Having spent a good portion of my academic life in the field of Pattern Recognition, and having read the CRM114 articles in depth, my gut tells me that some of the other methods (throttling, etc.) would likely reduce Wikipedian Vandalism sufficiently that a Markovian approach would give little additional benefit. Making vandalism easy to fix, like undoing all edits from a particular user/IP with one switch also sound very useful.
I do like the idea of flagging suspect pages and I also really liked the idea of flagging anonymous users at a higher suspect rate than logged in users. I suspect that a "heuristic" (lots of rules) model similar to that used by SpamAssasin where you can plug in new rules for new threats would probably be the best way to solve the Vandalism problem for Wikipedia over time (although I don't have a really good idea from the discussion thus far as to whether it is already a serious issue or not).
For example, one heuristic would be "anonymous user" add a couple of points to the "Spam" score. Another heuristic, "this user/IP has added lots of edits really quickly" would add a few points. If a user was in a "safe" list as a mass spell checker/grammar checker, then you would subtract a bunch of points. Heuristics for the type of article might be useful. I suspect that political articles are particularly targeted by vandals, for example. The point is, a heuristic engine adapts over time, whereas a Markovian model would perhaps serve as ONE good heuristic within the larger engine. Markovian or Baysian engines tend to get "tired" over time. My Baysian email spam filter is now so tired of spam that it sees nearly everything as spam, whether it is or isn't (of course it was trained on nearly 300,000 spams before it reached that point.)

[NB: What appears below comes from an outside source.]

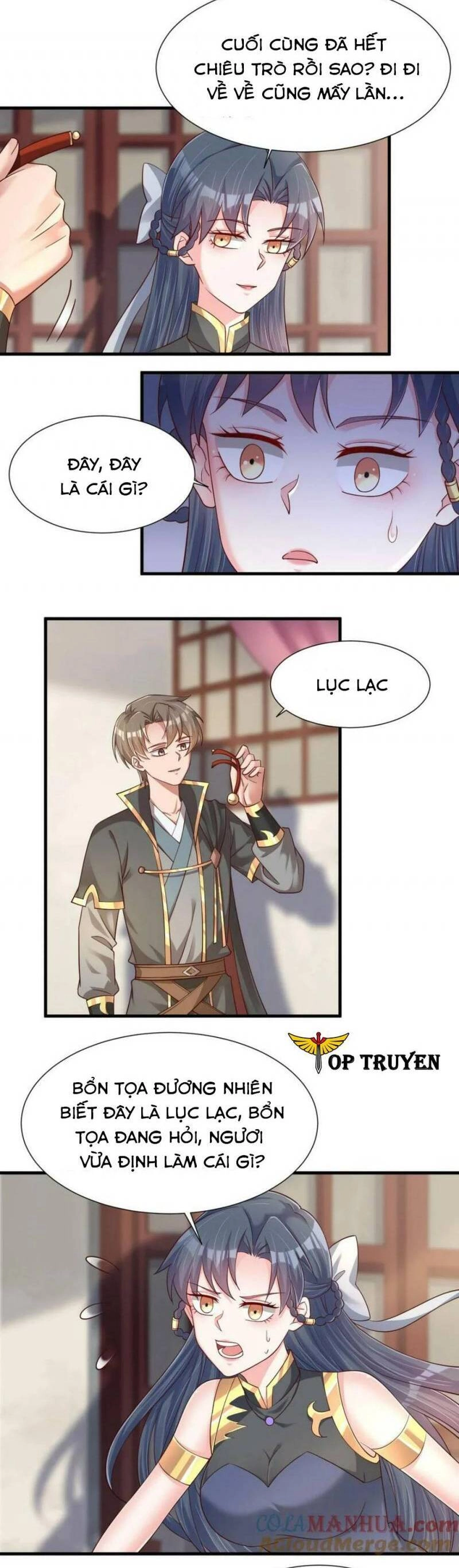 Sau Khi Max Độ Yêu Thích Chapter 140 - 4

When a heuristic engine is coupled with human interaction and double checking (as would be the natural case with Wikipedia) this becomes a great system. You would just have a special suspected vandalism page that is generated much as the special statistics type pages are generated now.
Knowing the seriousness of the problem at this point would drive whether or not this feature should be developed quickly, and that is knowledge I don't posess at this point.
-Kelly
At 08:17 PM 3/14/2004, you wrote:
So, I just installed the CRM114 Markovian spam filtering software:
http://crm114.sourceforge.net/The whole thing is based on Bayesian filtering, which is just a way to make very dumb software make really smart decisions. With sufficient training, a very simple piece of software can make very accurate distinctions between spam and non-spam email messages. See Paul Graham's famous "A Plan for Spam" about this:
http://www.paulgraham.com/spam.htmlThe CRM114 stuff is Markovian, which means it's _even_dumber_ than Bayesian stuff, and makes _even_smarter_ decisions. More or less.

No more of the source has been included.